If you are struggling with debt, you have options about the kind of help you can access. Credit counseling organizations are generally nonprofits that are dedicated to not only helping their clients get out of debt, but also creating a sustainable way forward with free or low-cost educational tools and resources. Debt relief companies, on the other hand, are for-profit companies that charge you, often steeply, for the service of negotiating and settling your debt with your creditors or with collections agencies.

While both types of organizations can help you find relief from at least some of your debt, their motivations and structures are very different. Here’s a closer look.

Key Points

•  Debt settlement services negotiate with creditors to reduce debt amounts, often for a steep fee.

•  Credit counseling provides a holistic approach to financial management, aiming for long-term health.

•  Stopping payments as advised by debt settlement can harm your credit score and history.

•  Credit counseling includes budgeting assistance and educational resources to improve financial literacy.

•  Debt consolidation through a personal loan is another option to consider for managing debt.

Debt Settlement vs Credit Counseling: What’s the Difference?

As mentioned briefly, debt settlement is usually done by a for-profit debt settlement company that works to negotiate your debts with creditors or collections agencies for a fee. Not all creditors will negotiate with debt settlement companies, but if they will, you may be able to pay a lower overall amount. Keep in mind that it still may not immediately improve your credit score, and in some cases, may even make it worse (which we’ll discuss more in just a moment).

Credit counseling, on the other hand, is usually performed by financial professionals who work at nonprofit credit counseling organizations. While they may help you create a debt management plan — potentially even one that might save you money — that’s not all they’re there to help you with.

Even if they don’t negotiate directly with your creditors, credit counselors can help you create or manage a budget, develop a sustainable plan to minimize debt over the long run, and give you access to low- or no-cost resources including workshops and educational materials. While they may assess a fee, it’s usually low, and they may also have options even if you can’t afford to pay them at all.

Recommended: Debt Consolidation Calculator

How Does Debt Settlement Work?

Debt settlement companies are just what their name suggests: companies charging you for the service of settling debts. However, since not all creditors will even work with debt settlement companies, they may not actually be able to save you any money. If they can, they’ll be charging you for their service.
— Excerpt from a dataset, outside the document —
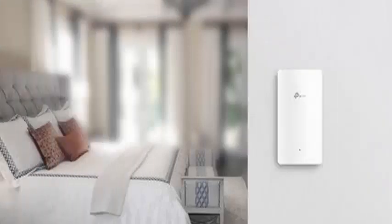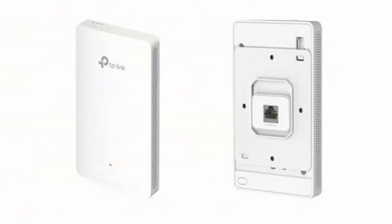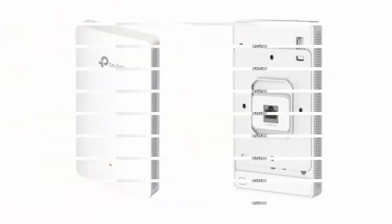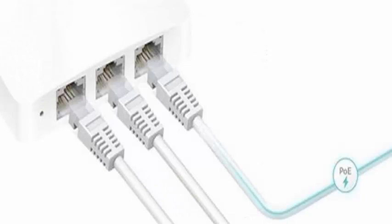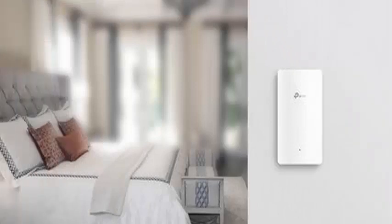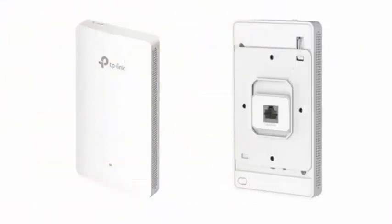TP-Link has introduced a new access point for Wi-Fi connectivity for wall mounting called the Omada EAP225 wall, which arrives with the latest in wireless connectivity under the 802.11x standard and theoretical speeds of up to 1200 Mbps. With dimensions of 143 x 86 x 19.7 mm, it is designed to be placed discreetly on any wall of the house.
Their fees may be a lot higher than a credit counselor’s would be.

Pros of Debt Settlement

Here, the potential upsides of debt settlement:

•  Debt settlement might help you save money on very large debts. If a debt settlement company can successfully negotiate with your creditor, you may be able to get out of debt by paying far less than you would otherwise owe, so long as you can pay it as a lump sum.

•  Legally, your money must remain under your control while you’re saving it. The debt settlement company may require you to save up the lump sum in a special account. But even if they do, those funds must remain under your control until they are used by the company to pay off your debt.

Cons of Debt Settlement

Next, the possible downsides:

•  Debt settlement is expensive. Even if the settlement is expensive, the company will charge you for their services, which eats into the amount you’re saving on your debts. Keep in mind that debt settlement companies are for-profit organizations.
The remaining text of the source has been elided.